I regularly see comments on the NFU (National Farmers Union) written by conservationists, pointing out that , for instance, they do not represent all Farmers, nor are they a true Union. In fact they are to a large extent simply an agri-business lobby. But I pondered this and then realised that one could actually make the same argument about scientific researchers. In theory scientists are supposed to be neutral, independent, and open minded. But in reality, not only is science subject to fashions, scientists do have their own vested interests.
It is not that long ago that no university in Britain offered degrees in conservation. But by the late 1970s universities were waking up to the fact that there was funding available for conservation research, and degrees began to proliferate, and research started orientating towards endangered species and other conservation issues. At the same time university academics started to play an increasingly important role on the governing bodies of conservation bodies. Once upon a time, the governing bodies of major conservation bodies, such as the Fauna Preservation, Society (now FFI), ICBP (now Birdlife International), World Wildlife Fund (now WWF) and many others comprised mostly of the great and the good, often landed gentry. But rarely professional conservationists attached to universities were members of the boards, and if they were, they were very much in a minority. But by the late 1970s that was changing. Universities, realising there was money in conservation, not only started courses relating to it, but academics started joining the governing bodies as advisors. And as a consequence, funding became increasingly directed to research. And of course ask a scientist what the priority is, and very often it will be ‘more research’. For over a quarter of a century, I have argued that while research is valuable, it is rarely a good use of conservation funds. Conservation research probably absorbs far more funding than conservation action. And by action I mean activities that have a significant and direct impact on saving wildlife. Just like the scientists lobbying conservation bodies for funding their research, I too have a vested interest, since I believe that buying land, acquiring leases, getting land gazetted, is a good conservation tool. Fortunately, there is empirical evidence to support my approach. I would also agree that improved law enforcement is another obviously effective tool (c.f Birds of Prey).

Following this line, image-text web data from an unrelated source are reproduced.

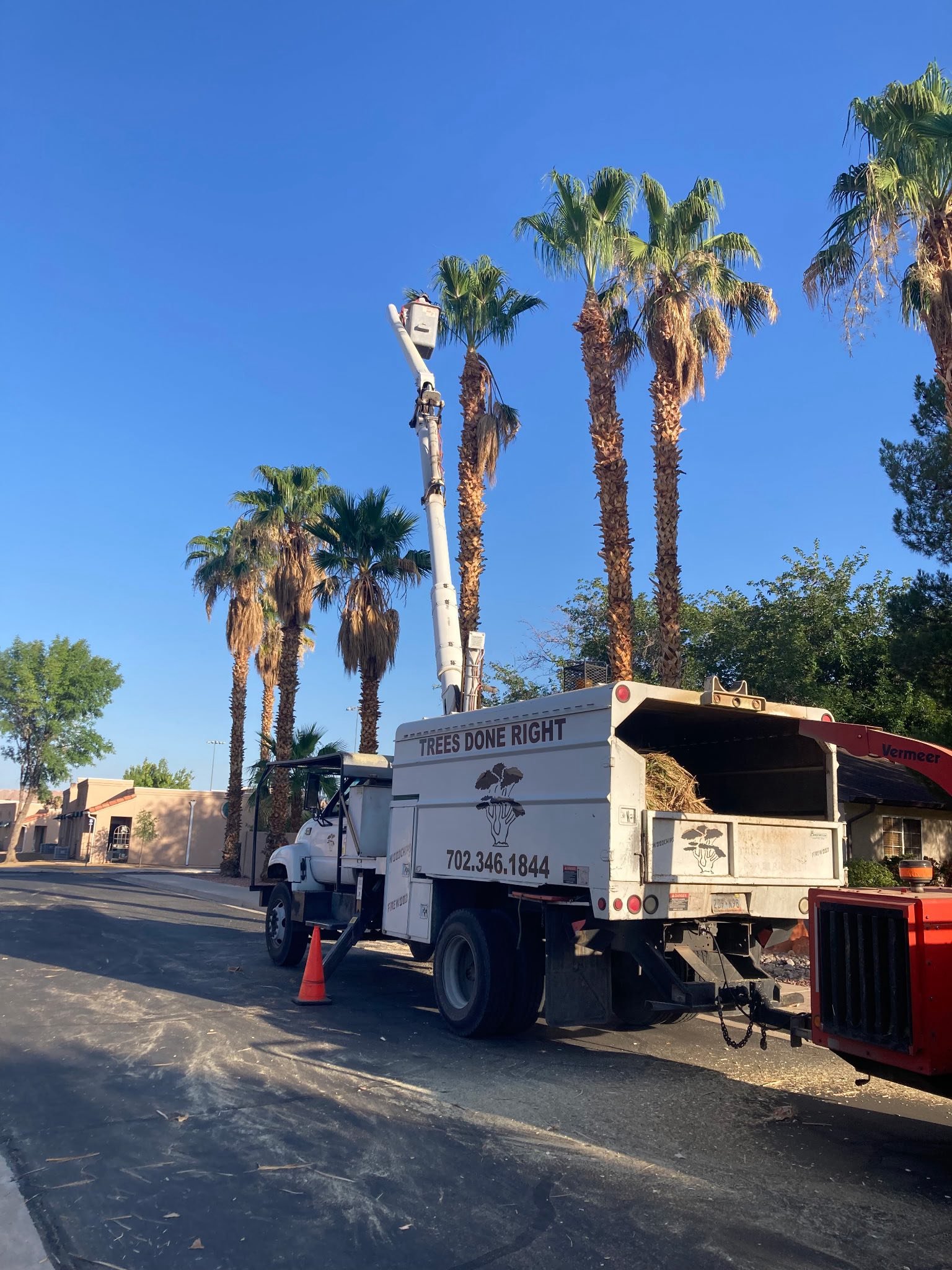 A tree service truck with a crane lifting palm tree fronds among tall palm trees and clear blue sky in a suburban neighborhood.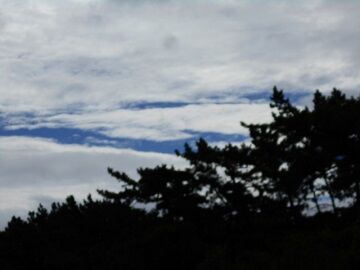 9月25日（9-8）仮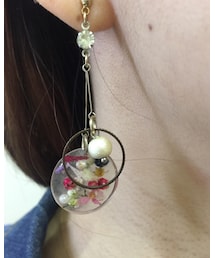 不明 | ピアス(両耳用)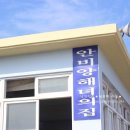 안비양 이미지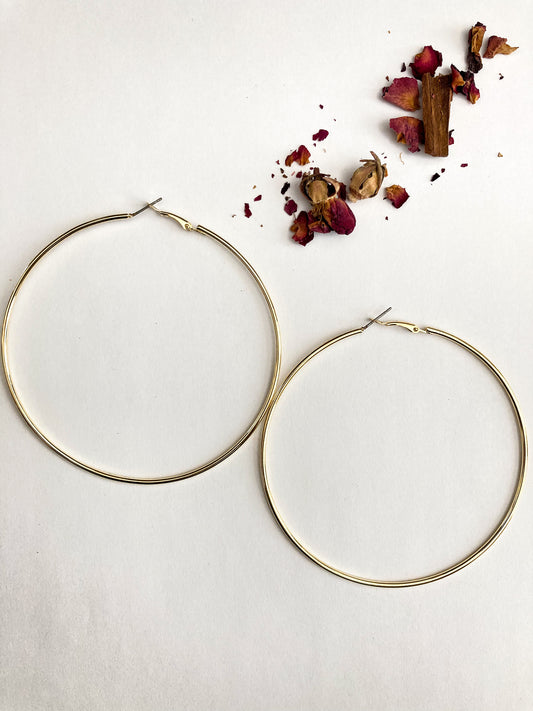 The Perfect Hoop Earrings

Education is a bit more controversial since there is little doubt that a lot of money has been wasted on ineffectual education programmes. But this is an area that probably needs more research. And that last statement is not a contradiction to what I have been writing. I am not against research, per se. And not against education. But it is whether or not it is the best use of conservation funds. Plenty of funding is available for university research, and students and academics should be encouraged to do research that will help conservation. And I do practice what I preach in this instance, by helping students design projects that will benefit conservation. But I do not believe that conservation funds, donated by the general public should be used to fund academic research. My reasoning is very simple: there are far greater priorities, and more cost effective ways of conserving the world’s endangered wildlife, than funding research. All too often, scientific research’s only value has been confirming what common sense already knew.
Finally I would like to re-emphasise, scientific research can be invaluable, but I really question if charities should be funding it. What do you think?